Using the sample data provided above, the output is pictured below:

Example UpSet Plot

Note

If you're having trouble getting the output pictured above, you can run the demo script located at upsetty/demo.py.

You can also change the colors and sizing for various aspects of the plot by passing additional parameters to the generate_plot function like so:

upset = Upset.generate_plot(
    
    # sample data
    df,

    # change category colors to a light blue, green, and yellow
    categories_colors=['#3987CA', '#FFC300', '#39CA41'],

    # change the category label color to a dark black
    categorylabel_color='#2F2F2F',

    # change the bar intersect color to a soft black
    bar_intersect_color='#454545',

    # change the marker line color to a soft black
    markerline_color='#454545'
)

Example UpSet Plot with Custom Format

By default, the function expects a DataFrame with columns of all boolean values, indicating the presence of absence of a given class.

If you wish to compute set instersection based on some other value in your data, you can do so like this:

data = {
    'Class A': [True, True, False, False, True, True, False],
    'Class B': [True, False, True, False, True, False, True],
    'Class C': [True, False, False, True, False, True, True],

    # adding a column 'Value' of non-boolean numbers
    'Value': [1, 2, 3, 4, 5, 6, 7]
}

df = pd.DataFrame(data)

upset = Upset.generate_plot(df, 'Value')
upset.show()

The code above will compute the sum of values for each subset within the classes, as depicted below.

Example UpSet Plot based on 'Value'

📌 Future Plans

Auto-adjusting margins for variable class labels

Currently, the upsetty works best with 3-4 class labels.
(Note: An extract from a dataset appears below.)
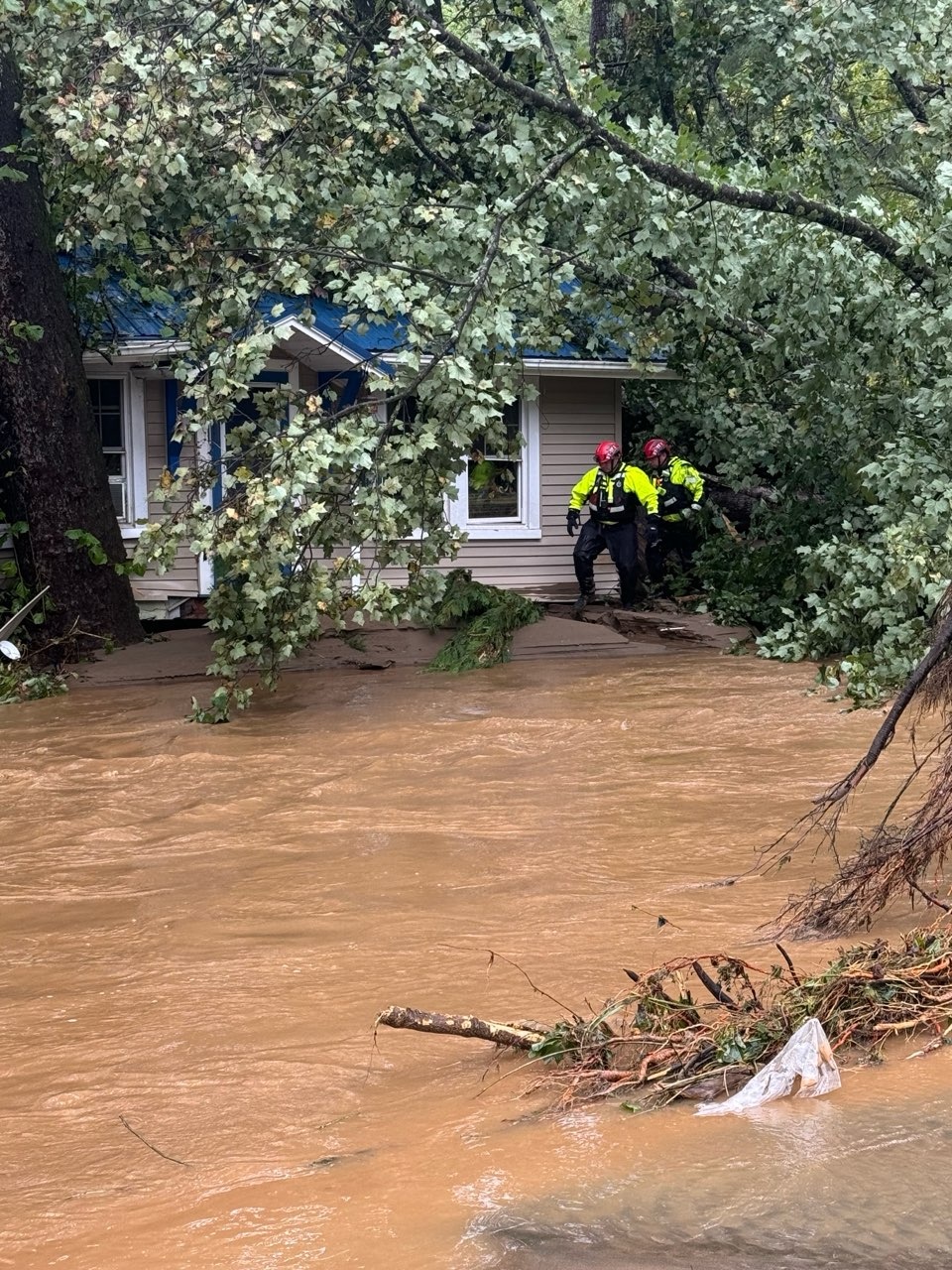 New York Task Force Conducts Search and Rescue After Hurricane Helene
More or less than that causes the class labels to be misaligned. Future improvements will add capabilities for auto-adjusting the margins based on the number of class labels contained in the visual.

Intersection highlighting

The ability to highlight specific intersections would give the user a way to focus their visual on specific set interactions as opposed to the basic highlighting.

Intersection count makeup

The ability to show the makeups of the different classes in a set intersection count.